I'm not a gun expert by any means, please let me know what you think of this video. If you look at my channel you'll see I do a lot of how-to videos, but never for guns yet. I didn't make a big deal of the safety check on this video, but let me know if you have any other comments. Also if you have one of these, let me know how you like it.

Smith & Wesson SD9 Field Strip - YouTube

Also, let me know if you have trouble playing the video, or if it doesn't play all the way to the end - the gun sits on the table at the end.


----------



## Harryball (Oct 10, 2012)

Your trigger finger is all over that trigger...It may sound petty, but it could be an issue down the road if you do not correct it now.
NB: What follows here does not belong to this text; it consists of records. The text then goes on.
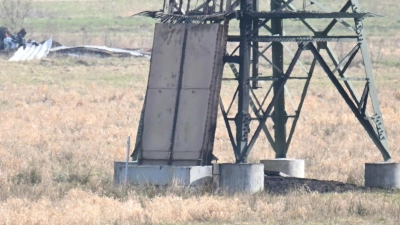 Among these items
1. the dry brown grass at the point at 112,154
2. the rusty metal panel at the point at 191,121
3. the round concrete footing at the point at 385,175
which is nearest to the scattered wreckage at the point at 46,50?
the dry brown grass at the point at 112,154

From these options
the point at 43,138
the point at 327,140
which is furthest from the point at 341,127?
the point at 43,138

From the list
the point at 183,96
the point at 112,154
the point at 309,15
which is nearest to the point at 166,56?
the point at 183,96

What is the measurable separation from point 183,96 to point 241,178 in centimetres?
228

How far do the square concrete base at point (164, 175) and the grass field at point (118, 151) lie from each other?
37 centimetres

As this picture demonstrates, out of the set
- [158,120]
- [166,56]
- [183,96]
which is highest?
[166,56]

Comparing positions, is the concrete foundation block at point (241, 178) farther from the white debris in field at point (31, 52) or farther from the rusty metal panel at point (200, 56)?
the white debris in field at point (31, 52)

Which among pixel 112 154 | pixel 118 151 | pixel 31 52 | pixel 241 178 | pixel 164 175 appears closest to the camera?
pixel 241 178

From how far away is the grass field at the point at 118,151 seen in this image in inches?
628

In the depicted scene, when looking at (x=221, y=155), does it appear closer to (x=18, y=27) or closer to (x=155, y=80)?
(x=155, y=80)

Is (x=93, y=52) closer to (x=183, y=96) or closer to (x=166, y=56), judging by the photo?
(x=166, y=56)

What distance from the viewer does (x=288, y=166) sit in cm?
2389

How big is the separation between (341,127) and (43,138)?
10319 millimetres

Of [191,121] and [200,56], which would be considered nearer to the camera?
[191,121]

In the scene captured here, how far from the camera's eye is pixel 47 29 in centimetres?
8100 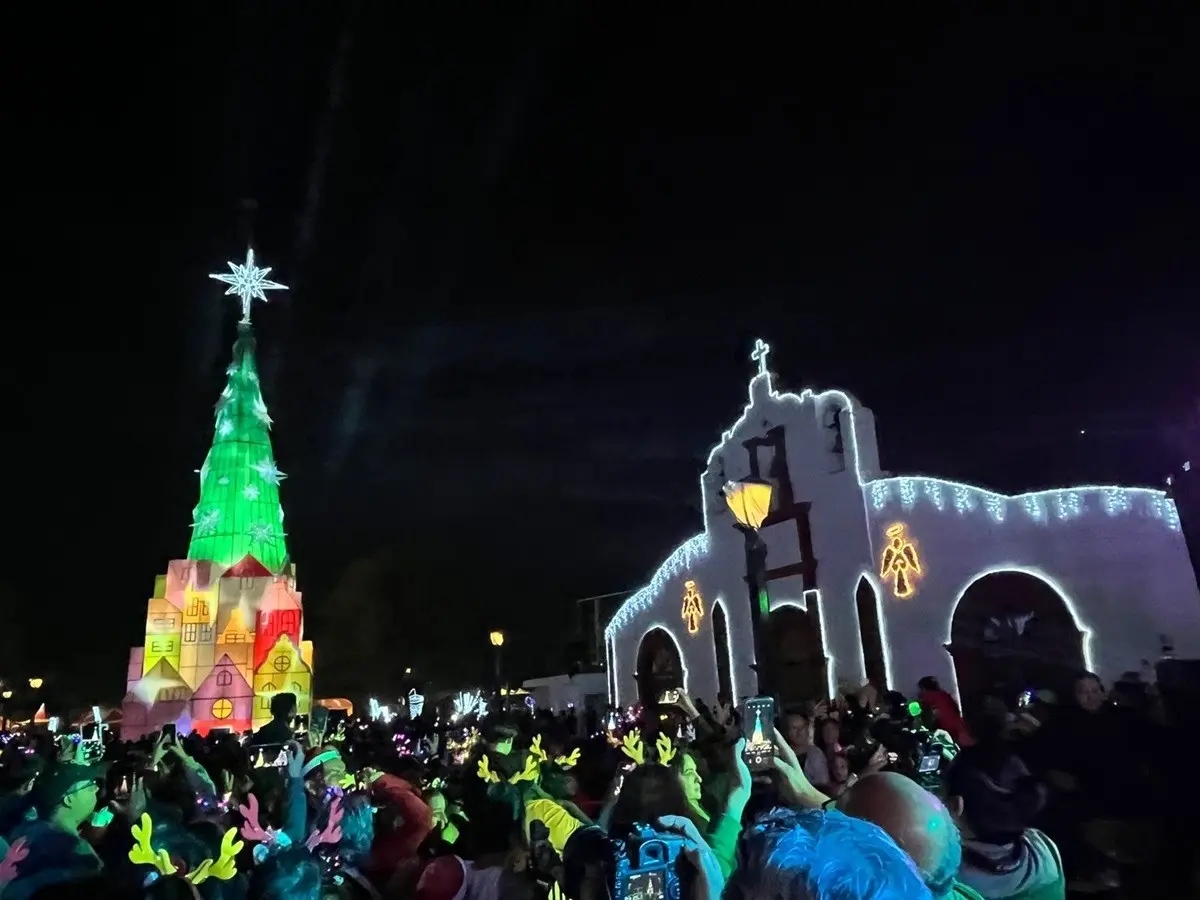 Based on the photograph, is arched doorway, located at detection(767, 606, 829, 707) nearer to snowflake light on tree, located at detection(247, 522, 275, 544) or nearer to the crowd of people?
the crowd of people

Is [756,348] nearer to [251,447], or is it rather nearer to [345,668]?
[251,447]

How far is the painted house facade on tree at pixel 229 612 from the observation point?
1561 inches

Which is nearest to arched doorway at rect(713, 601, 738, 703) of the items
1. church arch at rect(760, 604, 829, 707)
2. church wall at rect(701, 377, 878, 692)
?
church wall at rect(701, 377, 878, 692)

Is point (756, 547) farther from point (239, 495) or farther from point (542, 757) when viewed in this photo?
point (239, 495)

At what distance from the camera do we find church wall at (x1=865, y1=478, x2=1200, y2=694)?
14.5 metres

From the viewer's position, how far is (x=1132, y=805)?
4402 millimetres

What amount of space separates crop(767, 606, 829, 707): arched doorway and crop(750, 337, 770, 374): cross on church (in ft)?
20.8

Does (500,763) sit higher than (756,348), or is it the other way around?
(756,348)

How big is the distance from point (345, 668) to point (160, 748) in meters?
43.1

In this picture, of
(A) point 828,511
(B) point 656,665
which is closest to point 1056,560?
(A) point 828,511

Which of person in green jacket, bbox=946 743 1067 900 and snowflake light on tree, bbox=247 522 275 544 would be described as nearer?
person in green jacket, bbox=946 743 1067 900

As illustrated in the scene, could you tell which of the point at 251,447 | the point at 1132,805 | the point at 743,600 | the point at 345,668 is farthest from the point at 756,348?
the point at 345,668

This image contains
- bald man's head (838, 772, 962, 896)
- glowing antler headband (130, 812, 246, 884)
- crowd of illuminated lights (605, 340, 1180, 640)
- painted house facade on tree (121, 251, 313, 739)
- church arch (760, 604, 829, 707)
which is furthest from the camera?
painted house facade on tree (121, 251, 313, 739)

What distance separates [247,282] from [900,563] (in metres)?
44.7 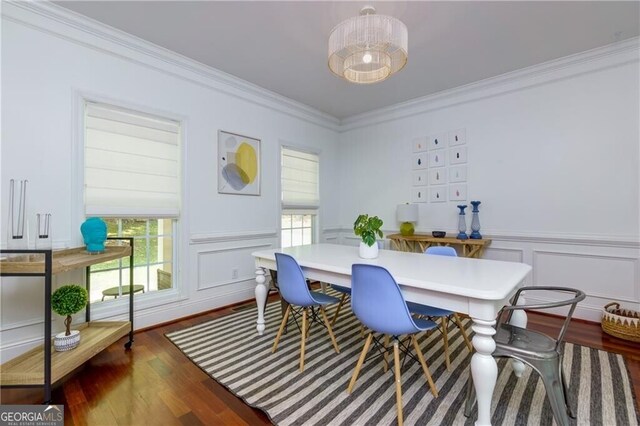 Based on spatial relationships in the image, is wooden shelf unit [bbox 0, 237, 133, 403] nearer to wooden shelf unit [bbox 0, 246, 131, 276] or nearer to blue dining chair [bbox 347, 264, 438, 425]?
wooden shelf unit [bbox 0, 246, 131, 276]

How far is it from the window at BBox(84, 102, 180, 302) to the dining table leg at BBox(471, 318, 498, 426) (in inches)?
115

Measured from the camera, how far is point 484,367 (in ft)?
4.50

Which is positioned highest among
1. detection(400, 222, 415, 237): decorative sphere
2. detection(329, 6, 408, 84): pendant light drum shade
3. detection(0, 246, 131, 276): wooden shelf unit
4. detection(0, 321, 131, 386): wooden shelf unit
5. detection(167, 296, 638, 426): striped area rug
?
detection(329, 6, 408, 84): pendant light drum shade

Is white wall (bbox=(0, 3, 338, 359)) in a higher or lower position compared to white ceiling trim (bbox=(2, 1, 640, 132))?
lower

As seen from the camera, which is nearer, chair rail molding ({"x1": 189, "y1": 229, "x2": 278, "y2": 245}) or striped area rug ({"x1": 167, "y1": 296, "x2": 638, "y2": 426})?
striped area rug ({"x1": 167, "y1": 296, "x2": 638, "y2": 426})

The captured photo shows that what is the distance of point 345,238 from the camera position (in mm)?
5121

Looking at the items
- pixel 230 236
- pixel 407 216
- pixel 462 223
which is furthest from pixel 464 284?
pixel 230 236

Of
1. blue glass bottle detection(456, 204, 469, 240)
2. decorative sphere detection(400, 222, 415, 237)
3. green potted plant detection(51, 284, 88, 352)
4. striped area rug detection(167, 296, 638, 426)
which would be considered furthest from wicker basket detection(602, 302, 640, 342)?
green potted plant detection(51, 284, 88, 352)

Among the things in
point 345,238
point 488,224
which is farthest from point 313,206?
point 488,224

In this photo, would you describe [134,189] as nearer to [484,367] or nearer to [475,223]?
[484,367]

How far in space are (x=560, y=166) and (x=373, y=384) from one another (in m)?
3.07

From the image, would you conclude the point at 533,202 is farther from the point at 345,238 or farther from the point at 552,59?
the point at 345,238

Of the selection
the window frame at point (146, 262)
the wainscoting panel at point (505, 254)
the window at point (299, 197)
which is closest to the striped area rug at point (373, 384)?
the window frame at point (146, 262)

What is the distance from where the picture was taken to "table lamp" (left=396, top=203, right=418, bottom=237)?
4.02 metres
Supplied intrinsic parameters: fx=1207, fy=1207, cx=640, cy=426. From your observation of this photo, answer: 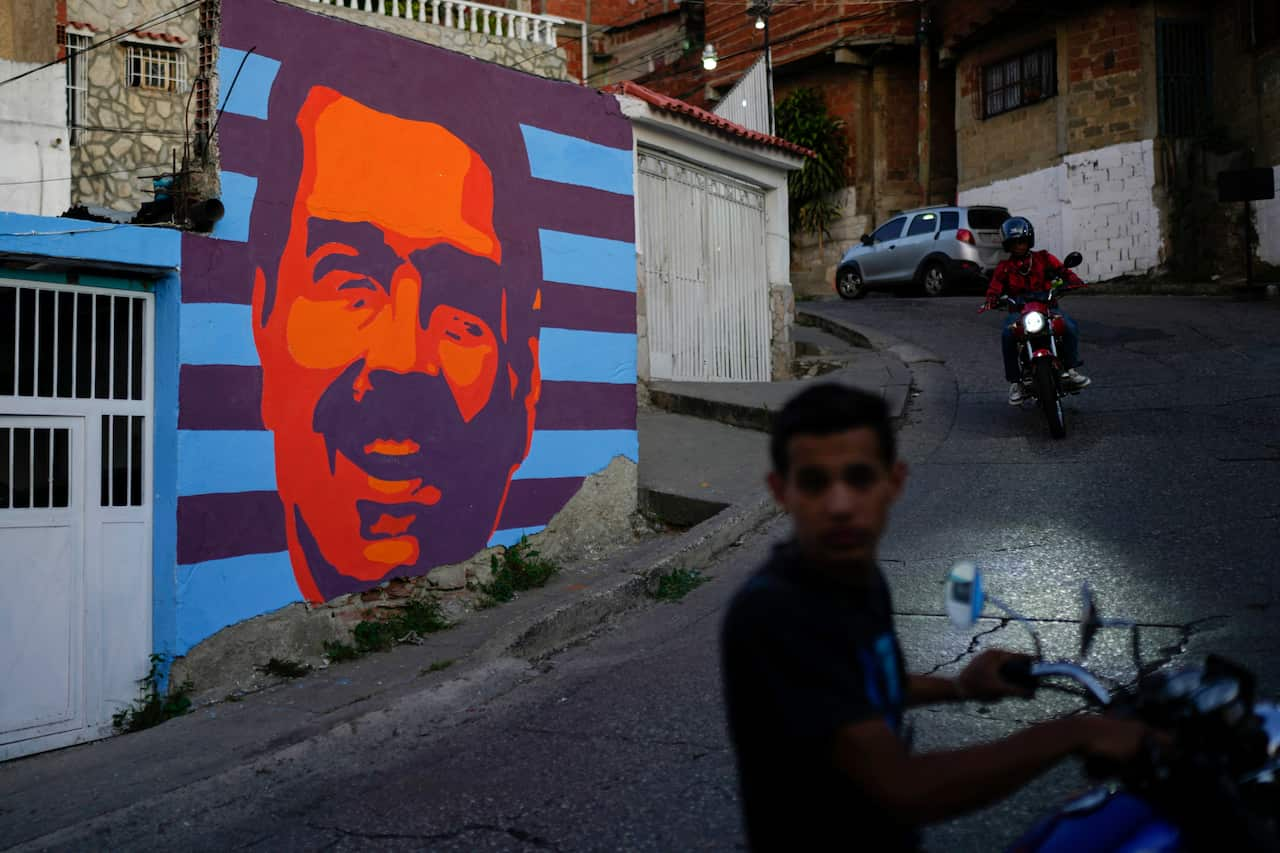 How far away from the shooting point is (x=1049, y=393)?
9.41 metres

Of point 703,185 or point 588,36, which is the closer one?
point 703,185

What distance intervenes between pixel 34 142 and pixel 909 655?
11570mm

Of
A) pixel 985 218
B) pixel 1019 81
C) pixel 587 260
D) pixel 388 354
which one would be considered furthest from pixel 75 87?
pixel 1019 81

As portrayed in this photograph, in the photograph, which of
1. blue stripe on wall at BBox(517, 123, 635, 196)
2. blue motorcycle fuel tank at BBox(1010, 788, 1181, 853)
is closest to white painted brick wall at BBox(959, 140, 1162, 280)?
blue stripe on wall at BBox(517, 123, 635, 196)

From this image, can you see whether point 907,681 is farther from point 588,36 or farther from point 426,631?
point 588,36

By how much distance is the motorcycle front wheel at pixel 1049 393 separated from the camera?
30.9 feet

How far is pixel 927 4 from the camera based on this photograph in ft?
84.7

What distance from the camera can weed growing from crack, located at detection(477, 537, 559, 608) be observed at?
7730 mm

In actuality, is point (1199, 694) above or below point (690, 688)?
above

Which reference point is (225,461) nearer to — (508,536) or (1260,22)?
(508,536)

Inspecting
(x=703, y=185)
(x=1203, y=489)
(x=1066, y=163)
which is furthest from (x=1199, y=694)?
(x=1066, y=163)

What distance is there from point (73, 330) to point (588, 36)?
25.2 m

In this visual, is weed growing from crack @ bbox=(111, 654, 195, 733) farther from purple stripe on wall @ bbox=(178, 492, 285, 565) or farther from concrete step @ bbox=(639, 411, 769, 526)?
concrete step @ bbox=(639, 411, 769, 526)

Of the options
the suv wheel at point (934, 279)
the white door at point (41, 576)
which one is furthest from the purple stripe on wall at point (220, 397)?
the suv wheel at point (934, 279) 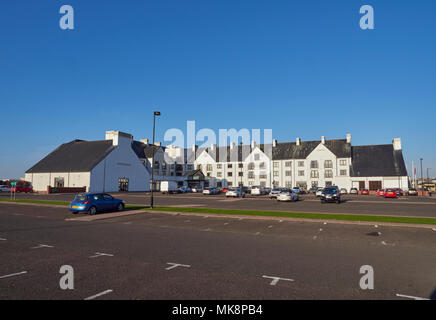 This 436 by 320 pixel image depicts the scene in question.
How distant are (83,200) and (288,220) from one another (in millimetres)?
13733

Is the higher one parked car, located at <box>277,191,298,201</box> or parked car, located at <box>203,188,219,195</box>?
parked car, located at <box>277,191,298,201</box>

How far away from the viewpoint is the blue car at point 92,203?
1883 centimetres

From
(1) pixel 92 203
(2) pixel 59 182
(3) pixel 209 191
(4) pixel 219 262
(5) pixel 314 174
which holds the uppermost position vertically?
(5) pixel 314 174

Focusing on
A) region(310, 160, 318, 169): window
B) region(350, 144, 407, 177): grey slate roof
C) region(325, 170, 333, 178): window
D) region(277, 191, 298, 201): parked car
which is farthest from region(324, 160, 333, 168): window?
region(277, 191, 298, 201): parked car

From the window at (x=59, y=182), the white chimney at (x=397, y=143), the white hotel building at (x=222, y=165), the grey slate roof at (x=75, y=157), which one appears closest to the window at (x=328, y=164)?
the white hotel building at (x=222, y=165)

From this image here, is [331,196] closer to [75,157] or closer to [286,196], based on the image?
[286,196]

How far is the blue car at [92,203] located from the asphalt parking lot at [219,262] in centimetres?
542

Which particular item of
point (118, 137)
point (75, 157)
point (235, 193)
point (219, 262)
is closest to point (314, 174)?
point (235, 193)

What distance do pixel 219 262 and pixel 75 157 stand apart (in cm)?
5960

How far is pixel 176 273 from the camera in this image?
20.9ft

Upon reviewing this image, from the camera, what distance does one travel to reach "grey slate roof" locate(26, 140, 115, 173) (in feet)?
181

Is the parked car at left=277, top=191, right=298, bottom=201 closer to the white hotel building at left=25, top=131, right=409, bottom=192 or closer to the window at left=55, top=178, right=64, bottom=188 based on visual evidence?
the white hotel building at left=25, top=131, right=409, bottom=192

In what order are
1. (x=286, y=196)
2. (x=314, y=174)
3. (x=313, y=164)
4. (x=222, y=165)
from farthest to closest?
(x=222, y=165) < (x=313, y=164) < (x=314, y=174) < (x=286, y=196)

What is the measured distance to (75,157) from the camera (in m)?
58.6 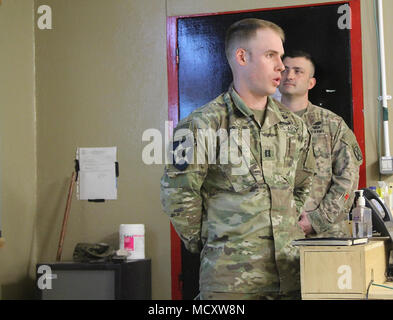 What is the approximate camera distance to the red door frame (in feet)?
11.4

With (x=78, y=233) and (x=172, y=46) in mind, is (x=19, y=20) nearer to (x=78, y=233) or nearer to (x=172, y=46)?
(x=172, y=46)

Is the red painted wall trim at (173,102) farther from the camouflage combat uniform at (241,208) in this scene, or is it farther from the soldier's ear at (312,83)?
the camouflage combat uniform at (241,208)

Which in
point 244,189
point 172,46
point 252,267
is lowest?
point 252,267

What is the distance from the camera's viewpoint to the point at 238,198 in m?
2.56

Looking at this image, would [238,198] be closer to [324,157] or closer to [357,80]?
[324,157]

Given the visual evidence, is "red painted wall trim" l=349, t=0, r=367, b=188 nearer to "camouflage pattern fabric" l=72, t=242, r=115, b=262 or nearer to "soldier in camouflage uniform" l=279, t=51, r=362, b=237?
"soldier in camouflage uniform" l=279, t=51, r=362, b=237

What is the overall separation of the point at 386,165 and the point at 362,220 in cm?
80

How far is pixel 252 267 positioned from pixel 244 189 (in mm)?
304

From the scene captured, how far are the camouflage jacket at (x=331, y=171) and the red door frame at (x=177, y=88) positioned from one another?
58 millimetres

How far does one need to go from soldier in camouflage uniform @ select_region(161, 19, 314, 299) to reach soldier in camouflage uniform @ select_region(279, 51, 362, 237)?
60 centimetres

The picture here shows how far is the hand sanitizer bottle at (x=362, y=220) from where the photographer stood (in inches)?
105

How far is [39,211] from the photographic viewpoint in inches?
154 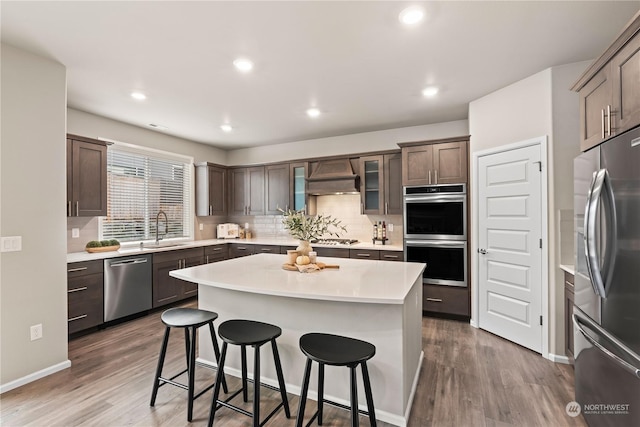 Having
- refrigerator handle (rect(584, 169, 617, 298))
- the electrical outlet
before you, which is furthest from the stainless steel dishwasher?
refrigerator handle (rect(584, 169, 617, 298))

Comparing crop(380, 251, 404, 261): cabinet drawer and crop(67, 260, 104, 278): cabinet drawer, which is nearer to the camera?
crop(67, 260, 104, 278): cabinet drawer

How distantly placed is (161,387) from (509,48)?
3.93 metres

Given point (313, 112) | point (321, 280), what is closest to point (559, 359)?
point (321, 280)

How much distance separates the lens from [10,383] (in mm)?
2428

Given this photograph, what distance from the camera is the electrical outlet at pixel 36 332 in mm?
2575

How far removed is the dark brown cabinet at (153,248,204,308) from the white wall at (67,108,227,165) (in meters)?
1.81

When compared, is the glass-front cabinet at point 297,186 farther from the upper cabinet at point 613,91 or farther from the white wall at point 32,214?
the upper cabinet at point 613,91

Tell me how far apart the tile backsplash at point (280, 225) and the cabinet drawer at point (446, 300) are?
1022 mm

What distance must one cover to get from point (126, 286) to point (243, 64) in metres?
3.09

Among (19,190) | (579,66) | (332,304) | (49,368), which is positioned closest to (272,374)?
(332,304)

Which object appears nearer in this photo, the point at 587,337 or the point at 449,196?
the point at 587,337

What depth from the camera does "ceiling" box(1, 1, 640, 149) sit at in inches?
82.0

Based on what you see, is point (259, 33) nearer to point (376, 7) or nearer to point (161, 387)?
point (376, 7)

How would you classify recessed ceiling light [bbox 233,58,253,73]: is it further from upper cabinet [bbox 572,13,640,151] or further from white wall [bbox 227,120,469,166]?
white wall [bbox 227,120,469,166] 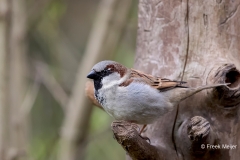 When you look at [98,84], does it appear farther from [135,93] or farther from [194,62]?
[194,62]

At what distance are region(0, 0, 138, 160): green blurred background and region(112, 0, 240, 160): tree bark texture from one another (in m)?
0.73

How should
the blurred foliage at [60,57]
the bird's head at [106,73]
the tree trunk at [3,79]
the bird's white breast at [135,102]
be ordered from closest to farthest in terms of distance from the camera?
the bird's white breast at [135,102] → the bird's head at [106,73] → the tree trunk at [3,79] → the blurred foliage at [60,57]

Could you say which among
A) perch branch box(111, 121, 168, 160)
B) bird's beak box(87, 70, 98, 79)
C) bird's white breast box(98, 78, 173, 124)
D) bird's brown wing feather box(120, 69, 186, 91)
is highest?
bird's brown wing feather box(120, 69, 186, 91)

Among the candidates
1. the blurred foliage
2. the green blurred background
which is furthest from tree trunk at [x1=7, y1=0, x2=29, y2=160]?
the blurred foliage

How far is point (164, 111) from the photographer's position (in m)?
2.24

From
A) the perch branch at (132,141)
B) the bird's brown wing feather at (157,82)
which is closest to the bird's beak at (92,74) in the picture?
the bird's brown wing feather at (157,82)

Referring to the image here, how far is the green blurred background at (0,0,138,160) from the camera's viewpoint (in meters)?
3.34

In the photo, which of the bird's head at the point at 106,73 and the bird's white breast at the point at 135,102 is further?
the bird's head at the point at 106,73

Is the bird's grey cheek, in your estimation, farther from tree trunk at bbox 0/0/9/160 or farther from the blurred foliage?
the blurred foliage

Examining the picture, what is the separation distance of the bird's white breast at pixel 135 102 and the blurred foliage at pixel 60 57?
105 cm

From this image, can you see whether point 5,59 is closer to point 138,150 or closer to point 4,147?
point 4,147

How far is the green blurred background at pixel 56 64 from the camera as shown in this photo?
132 inches

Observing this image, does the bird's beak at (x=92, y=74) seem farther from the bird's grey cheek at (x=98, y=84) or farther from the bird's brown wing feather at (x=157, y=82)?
the bird's brown wing feather at (x=157, y=82)

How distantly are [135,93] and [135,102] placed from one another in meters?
0.04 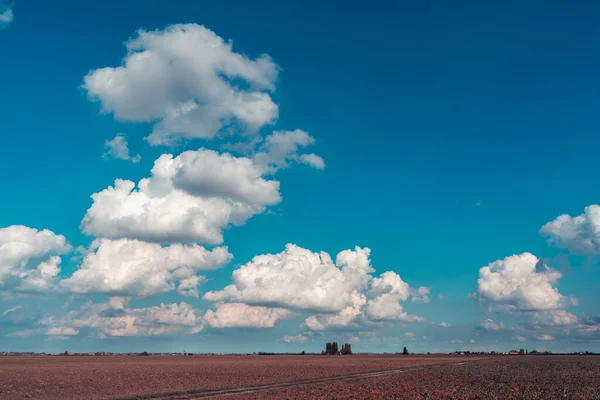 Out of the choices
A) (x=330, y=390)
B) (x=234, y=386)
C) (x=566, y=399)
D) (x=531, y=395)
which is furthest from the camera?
(x=234, y=386)

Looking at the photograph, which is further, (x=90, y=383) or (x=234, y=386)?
(x=90, y=383)

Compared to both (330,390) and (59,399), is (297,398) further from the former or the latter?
(59,399)

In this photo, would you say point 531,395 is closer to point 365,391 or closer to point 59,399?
point 365,391

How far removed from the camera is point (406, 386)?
183 ft

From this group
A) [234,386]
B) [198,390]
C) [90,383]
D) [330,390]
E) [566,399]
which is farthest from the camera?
[90,383]

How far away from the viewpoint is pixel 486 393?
47250mm

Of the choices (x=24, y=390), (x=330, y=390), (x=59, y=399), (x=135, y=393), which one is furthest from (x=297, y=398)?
(x=24, y=390)

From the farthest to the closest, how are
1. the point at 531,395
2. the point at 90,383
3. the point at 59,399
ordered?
the point at 90,383, the point at 59,399, the point at 531,395

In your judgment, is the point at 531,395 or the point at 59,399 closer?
the point at 531,395

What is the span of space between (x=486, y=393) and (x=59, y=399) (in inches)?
1652

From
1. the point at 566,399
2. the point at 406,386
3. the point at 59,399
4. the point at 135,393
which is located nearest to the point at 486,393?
the point at 566,399

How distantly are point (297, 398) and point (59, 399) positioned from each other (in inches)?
954

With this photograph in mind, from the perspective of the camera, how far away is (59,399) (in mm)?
49906

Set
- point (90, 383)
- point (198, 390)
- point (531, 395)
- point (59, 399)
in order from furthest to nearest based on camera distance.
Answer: point (90, 383) → point (198, 390) → point (59, 399) → point (531, 395)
Otherwise the video is fine.


----------



## rjrudolph (Oct 12, 2012)

I agree other than your trigger finger being on the trigger a few times I feel you did a good job on the video.


----------



## jasmine2501 (Oct 10, 2012)

Thanks, I noticed that too. I don't do that at the range or in the shop, not sure why I was doing it in the video.


----------



## zhurdan (Mar 21, 2008)

No offense, but if I were you, I'd take it down until you can refilm it without fingerbanging that trigger. You'll get cut apart on Youtube.


----------



## Harryball (Oct 10, 2012)

jasmine2501 said:


> Thanks, I noticed that too. I don't do that at the range or in the shop, not sure why I was doing it in the video.


You say that, but what we do in private shows when we do something like a video. I have to agree with zhurdan, take the video down. To many newbs looking for info, and you are violating one of the 4 safety rules.


----------



## jasmine2501 (Oct 10, 2012)

That is a heck of a good point. I'll see if I can do it again. It's hard to offend me, tell it like it is


----------



## berettatoter (Sep 1, 2011)

Other than the trigger situation, not too bad.:smt1099


----------



## jasmine2501 (Oct 10, 2012)

I made it private, I'll do another version where I do it right! You guys made me think a bit... it's been over 20 years since I took a gun class, so I'm going to go do that too!


----------